UUID v4 — Random, Globally Unique, Coordination-Free
A UUID v4 is a 128-bit random number formatted as xxxxxxxx-xxxx-4xxx-yxxx-xxxxxxxxxxxx. The collision probability at 1 billion records is approximately 10⁻¹⁰ — effectively zero given the birthday problem at 2^122 scale. UUID v4 is the right choice when global uniqueness is paramount, IDs must be completely opaque, and no coordination between generators is possible.
The severe tradeoff is B-tree fragmentation at scale. UUID v4 is random, which means every insert targets a random position in the database index. At 500 million rows, almost every insert page-faults (the target leaf node is not in the buffer pool). This makes UUID v4 a serious performance hazard as a primary key for high-volume tables.

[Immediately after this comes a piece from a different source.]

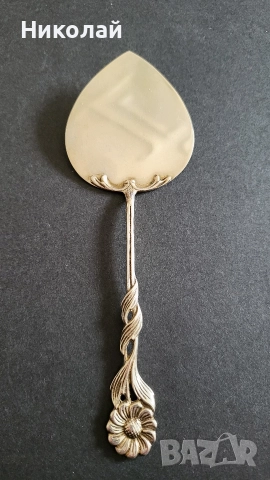 Красива Сребърна шпатула с множество маркировки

UUID v7 — Time-Ordered UUID Without the Performance Penalty
UUID v7 places a 48-bit Unix millisecond timestamp in the leading bits, followed by 74 bits of randomness. This makes UUID v7 lexicographically sortable — new records always insert near the rightmost leaf of the B-tree, preserving sequential locality. The collision probability remains negligible. RFC 9562 (2024) standardized UUID v7 and it is now the recommended UUID version for most database primary key use cases where you would otherwise use UUID v4.
Snowflake ID — 64-Bit, Time-Ordered, No Coordinator Needed
Twitter invented Snowflake in 2010 to generate IDs at millions per second across thousands of servers with zero inter-node coordination. A Snowflake ID packs three independent fields into a single 64-bit integer:
- 41 bits — Unix timestamp in milliseconds since a custom epoch (~69 years of ID space)
- 10 bits — machine/node ID (1,024 nodes supported)
- 12 bits — per-millisecond sequence counter per node (4,096 IDs per ms per node)
Across 1,024 nodes, that is roughly 4 million IDs per millisecond globally, with no shared state. IDs are naturally time-sorted, fit in a 64-bit integer (8 bytes — compact, fast to index), and are used by Twitter, Discord, Instagram, and LinkedIn in modified forms.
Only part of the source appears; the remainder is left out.